**Work to complete**
Please transcribe exactly, and only, the lines of the data below between the line holding "翁牛特旗电动升降平台厂家-如何选择适合的升降设备厂家与产品" and the line holding "如何制作U盘启动盘：从零开始的详细教程与常见问题解答", inclusive.

#### Data supplied ####

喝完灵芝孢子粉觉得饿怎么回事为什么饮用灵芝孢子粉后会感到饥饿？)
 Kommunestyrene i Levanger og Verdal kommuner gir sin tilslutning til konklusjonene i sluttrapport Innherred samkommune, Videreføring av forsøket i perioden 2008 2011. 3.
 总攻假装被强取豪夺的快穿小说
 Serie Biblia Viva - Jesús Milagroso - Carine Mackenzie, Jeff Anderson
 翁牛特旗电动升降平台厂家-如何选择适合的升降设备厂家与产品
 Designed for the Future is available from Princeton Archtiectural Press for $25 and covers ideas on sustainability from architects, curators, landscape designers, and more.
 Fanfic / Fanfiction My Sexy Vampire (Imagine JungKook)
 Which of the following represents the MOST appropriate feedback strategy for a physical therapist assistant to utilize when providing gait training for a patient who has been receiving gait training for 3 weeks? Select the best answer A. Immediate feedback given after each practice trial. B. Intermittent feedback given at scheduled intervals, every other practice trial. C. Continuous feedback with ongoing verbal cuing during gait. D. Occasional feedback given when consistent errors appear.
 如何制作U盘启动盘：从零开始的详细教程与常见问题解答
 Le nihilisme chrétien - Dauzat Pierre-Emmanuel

####

**Worked solution**
 翁牛特旗电动升降平台厂家-如何选择适合的升降设备厂家与产品
 Designed for the Future is available from Princeton Archtiectural Press for $25 and covers ideas on sustainability from architects, curators, landscape designers, and more.
 Fanfic / Fanfiction My Sexy Vampire (Imagine JungKook)
 Which of the following represents the MOST appropriate feedback strategy for a physical therapist assistant to utilize when providing gait training for a patient who has been receiving gait training for 3 weeks? Select the best answer A. Immediate feedback given after each practice trial. B. Intermittent feedback given at scheduled intervals, every other practice trial. C. Continuous feedback with ongoing verbal cuing during gait. D. Occasional feedback given when consistent errors appear.
 如何制作U盘启动盘：从零开始的详细教程与常见问题解答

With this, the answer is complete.